PS - Source is the book Elementary Differential Geometry by A. N. Pressley.
 A: The exposition is somewhat unclear because they use $a$ twice in two different contexts.  For the sake of this discussion, consider only the function $$x = \cosh z, \quad -\infty < z < \infty,$$ from which the minimal surface is formed by the surface of revolution $r(z) = \cosh z$ rotated about the $z$-axis.  All subsequent use of the letter $a$ is in the context of some positive constant that can be arbitrarily chosen.

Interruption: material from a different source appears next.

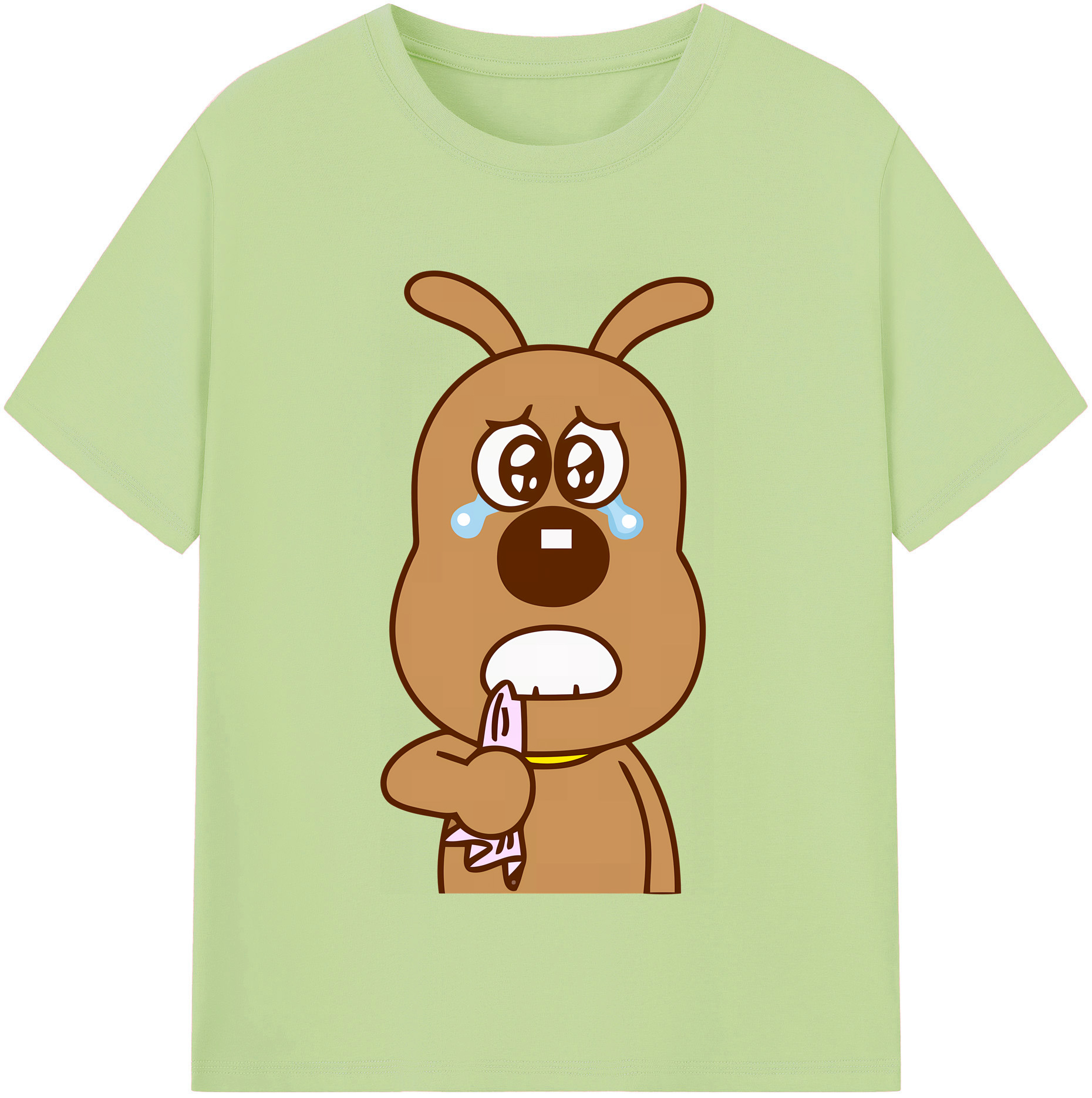 （画像用） アンパンマン Anpanman 綿100％半袖Tシャツ（フロントプリント）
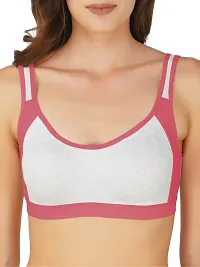 Arc de Shapes Cotton Blend Women Sports bra-thumb4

The whole catenoid, of course, is an infinite surface.  But if we select a portion of the catenoid satisfying $|z| \le a$, then we get what might seem to be a surface $S$ whose area minimizes the surface area of any surface that "spans" the boundary.  But this is not true:  the surface area of the catenoid between the planes $z = a$ and $z = -a$ is easily found even by elementary methods, as it is a surface of revolution defined by the function $r(z)$:  $$|S| =  \int_{z=-a}^a 2 \pi r(z) \sqrt{1 + \left(\frac{dr}{dz}\right)^2} \, dz = 4\pi \int_{z=0}^a \cosh^2 z \, dz = 4\pi \left[\frac{z}{2} + \frac{\sinh 2z}{4}\right]_{z=0}^a =  \pi (2a + \sinh 2a).$$  This is equivalent to the area described in the text.  But the combined area of the two disks is just $$|S_0| = 2(\pi \cosh^2 a),$$ because their common radius is $r(a) = r(-a) = \cosh a$.  Now we want to see which quantity is smaller for a given $a > 0$:  to this end, we set  $$2\pi \cosh^2 a < \pi(2a + \sinh 2a),$$ and expanding this into exponential form, and simplifying, we get $$1+e^{-2a} < 2a,$$ as claimed.  This means that whenever $a$ satisfies this inequality, the disks will have less area than the catenoid.  Our intuition should tell us that this happens for "sufficiently large" $a$:  indeed, numerically solving this inequality gives $a > a_0 \approx 0.639232\ldots$.  This is because when $a$ gets large, the catenoid becomes much more "disk-like" at the boundary, whereas if $a$ is small, the catenoid is "cylinder-like".  But simply having two disks is going to clearly win out over two deformed funnel-like shapes that have been made to join at their centers.